Houweling's Nurseries Oxnard et al v. Robertson
Filing
87
MEMORANDUM DECISION denying 59 Motion to Amend/Correct Scheduling Order and Re-Open Fact Discovery. Signed by Magistrate Judge Paul M. Warner on 11/23/16. (jlw)
IN THE UNITED STATES DISTRICT COURT FOR THE DISTRICT OF UTAH
CENTRAL DIVISION
HOUWELING’S NURSERIES OXNARD,
INC. et al.,
MEMORANDUM DECISION
AND ORDER
Plaintiffs and Counterclaim Defendants,
Case No. 2:14-cv-00611-JNP-PMW
v.
GEORGE ROBERTSON,
Defendant and Counterclaimant.
District Judge Jill N. Parrish
Magistrate Judge Paul M. Warner
Before the court is a motion by defendant and counterclaimant George Robertson to
amend the scheduling order and re-open fact discovery.1 Plaintiffs and counterclaim defendants
Houweling’s Nurseries Oxnard, Inc., Houweling Utah Property, Inc., HNL Holdings Ltd.,
Houweling Utah Holdings, Inc., and HNL Utah Holding Ltd. (collectively “Plaintiffs”) oppose
the motion. A motion for summary judgment is pending.

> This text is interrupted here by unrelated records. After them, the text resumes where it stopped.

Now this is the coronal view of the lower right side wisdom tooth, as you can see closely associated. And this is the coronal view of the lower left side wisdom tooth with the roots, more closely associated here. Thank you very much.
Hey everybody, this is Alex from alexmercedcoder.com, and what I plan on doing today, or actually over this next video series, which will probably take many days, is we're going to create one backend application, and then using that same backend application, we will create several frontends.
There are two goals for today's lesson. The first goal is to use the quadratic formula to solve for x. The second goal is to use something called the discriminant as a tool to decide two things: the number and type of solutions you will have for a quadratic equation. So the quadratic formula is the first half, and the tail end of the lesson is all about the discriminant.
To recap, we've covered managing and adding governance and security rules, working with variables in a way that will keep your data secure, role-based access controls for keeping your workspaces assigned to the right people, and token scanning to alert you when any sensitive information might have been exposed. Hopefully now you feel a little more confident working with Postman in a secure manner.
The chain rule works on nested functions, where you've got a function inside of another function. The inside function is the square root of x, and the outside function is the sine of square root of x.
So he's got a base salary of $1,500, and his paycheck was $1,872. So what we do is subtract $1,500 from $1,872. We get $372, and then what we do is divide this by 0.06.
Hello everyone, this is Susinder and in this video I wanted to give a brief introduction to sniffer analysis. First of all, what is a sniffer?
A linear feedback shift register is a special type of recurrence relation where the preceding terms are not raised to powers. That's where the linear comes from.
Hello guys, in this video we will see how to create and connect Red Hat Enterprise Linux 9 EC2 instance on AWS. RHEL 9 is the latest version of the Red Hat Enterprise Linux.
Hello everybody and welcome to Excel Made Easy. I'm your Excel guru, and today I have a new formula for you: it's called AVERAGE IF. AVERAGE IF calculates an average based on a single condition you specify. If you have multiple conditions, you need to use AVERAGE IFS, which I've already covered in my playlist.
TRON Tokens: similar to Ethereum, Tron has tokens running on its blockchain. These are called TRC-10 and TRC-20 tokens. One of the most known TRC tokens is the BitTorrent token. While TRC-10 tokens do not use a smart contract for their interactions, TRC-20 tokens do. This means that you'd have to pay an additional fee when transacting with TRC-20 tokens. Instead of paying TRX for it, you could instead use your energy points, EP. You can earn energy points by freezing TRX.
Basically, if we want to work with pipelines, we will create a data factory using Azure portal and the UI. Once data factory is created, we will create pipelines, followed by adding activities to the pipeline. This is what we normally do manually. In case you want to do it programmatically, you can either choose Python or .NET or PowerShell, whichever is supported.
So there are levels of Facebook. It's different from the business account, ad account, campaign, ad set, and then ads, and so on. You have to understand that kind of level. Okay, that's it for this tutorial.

The court has carefully reviewed the parties’ moving papers. Pursuant to civil rule 7-1(f)
of the Rules of Practice for the United States District Court for the District of Utah, the court has
concluded that oral argument is not necessary and will determine the motion on the basis of the
written materials. See DUCivR 7-1(f).
1
Docket no. 53.
Fact discovery closed on February 5, 2016. 2 Mr. Robertson’s counsel asserts that
discovery responses and production continued to come in, and that at some unspecified point
counsel determined it needed additional information. Counsel knew for certain by June 2016
that it needed additional information.3 Mr. Robertson filed the instant motion in August 2016,
six months after the close of fact discovery.
Pursuant to rule 16(b)(4) of the Federal Rules of Civil Procedure, a scheduling order
“may be modified only for good cause and with the judge’s consent.” Fed. R. Civ. P. 16(b)(4).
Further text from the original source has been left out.